She also branded as “a regrettably myopic view” the ruling of the majority that the case is a simple question of the entitlement of a former president and soldier.
Contrary to the majority ruling, Sereno believes President Duterte committed grave abuse of discretion in ordering the Marcos burial at the LNMB.
Aside from Sereno, Carpio and Leonen, the other justices who dissented were Francis Jardaleza and Alfredo Benjamin Caguioa.
Carpio, for his part, insisted that Marcos was not qualified for LNMB interment due to his ouster in the People Power revolution.
He explained that Marcos’ forcible removal was “the strongest form of dishonorable discharge from office since it is meted out by the direct act of the sovereign people.”
He also stressed that Marcos’ ouster is beyond judicial review and must be accepted as an incontrovertible fact and part of history.
“Marcos is no hero. He was not even an exemplary public officer. He is not worthy of emulation and inspiration by those who suffer poverty as a result of the opportunity lost during his administration, by those who continue to suffer the trauma of the violations to the human dignity of their persons and of their family,” Leonen said.
“He is certainly not worthy of emulation and inspiration by those who do public service, including the lawyers, judges and justices who simply want to do what is right, protect others and conscientiously and diligently protect public funds entrusted to them,” he added.
Ilocos Gov. Imee Marcos immediately welcomed the SC ruling as she personally joined their family’s supporters outside the SC compound.

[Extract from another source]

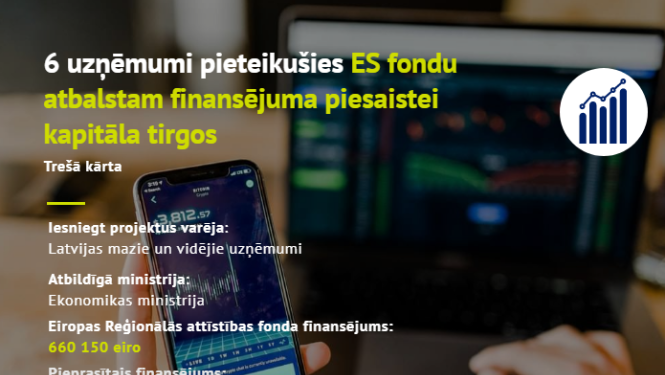 ES fondu atbalsts fiannsējuma piesaistei kapitāla tirgos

“I thank the Supreme Court. I thank God for not forgetting us,” she told reporters upon learning about the ruling.
The governor also thanked President Duterte for granting their family’s wish even without them asking for it.

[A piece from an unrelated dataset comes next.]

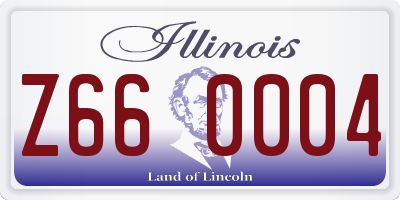 IL license plate Z660004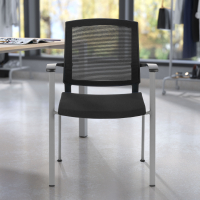 Vergaderstoel Adam, comfortabel en stevig, metalen frame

She revealed that they have no plans yet on the schedule of the burial, but hinted that her father would most likely be buried beside the late president Carlos Garcia.

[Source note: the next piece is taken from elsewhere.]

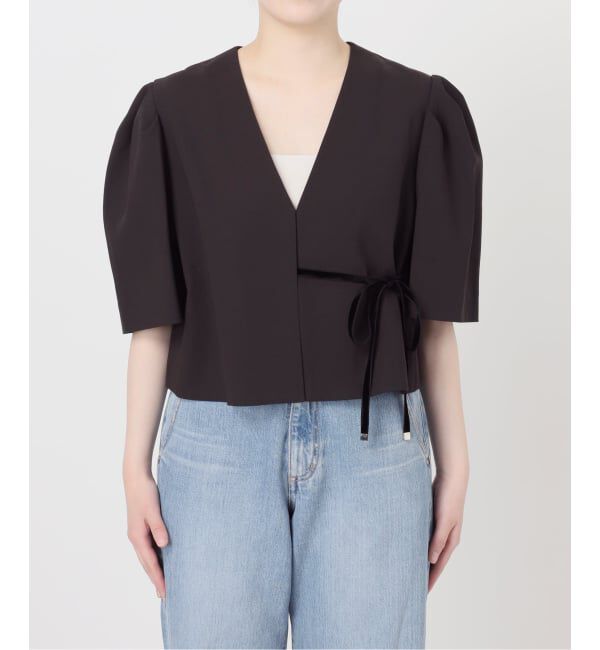 IENA「《セットアップ対応/一部店舗限定》カルゼショート丈パフジャケット」|その他|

“We have yet to discuss it (schedule) with our mother (former first lady and Ilocos Norte Rep. Imelda Marcos),” she explained.
Marcos will be the fourth former president to be buried at the LNMB, after Garcia, Elpidio Quirino and Diosdado Macapagal.
“We acknowledge the decision of the Supreme Court to have the remains of former president Ferdinand Marcos buried at the Libingan ng mga Bayani as it is the final arbiter of all legal questions,” presidential spokesman Ernesto Abella said in a statement.
Chief Presidential Legal Counsel Salvador Panelo said he had expected the high court to favor the hero’s burial for Marcos.
“Hopefully, the decision will put to rest the opposition to the burial of Marcos,” he said.
Interviewed live by CNN Philippines, Marcos’ only son said Duterte expressed his wish to join the burial rites and inquired about the interment plans.
“We talked briefly and I told him (President) we’re very grateful for his strong and constant support to the burial (at Libingan) of my late father. He believes it was the right thing to do and according to the laws,” the young Marcos said of his brief conversation with the President in Tacloban, Leyte during the third anniversary commemoration of the Yolanda tragedy.
“He (President) asked me when we intend to bury him, I told him I cannot give any details yet. He told me he would like to attend,” the former senator added.
The Armed Forces of the Philippines, according to Public Affairs Office chief Col. Edgar Arevalo, is ready to implement the ruling once it receives final instructions.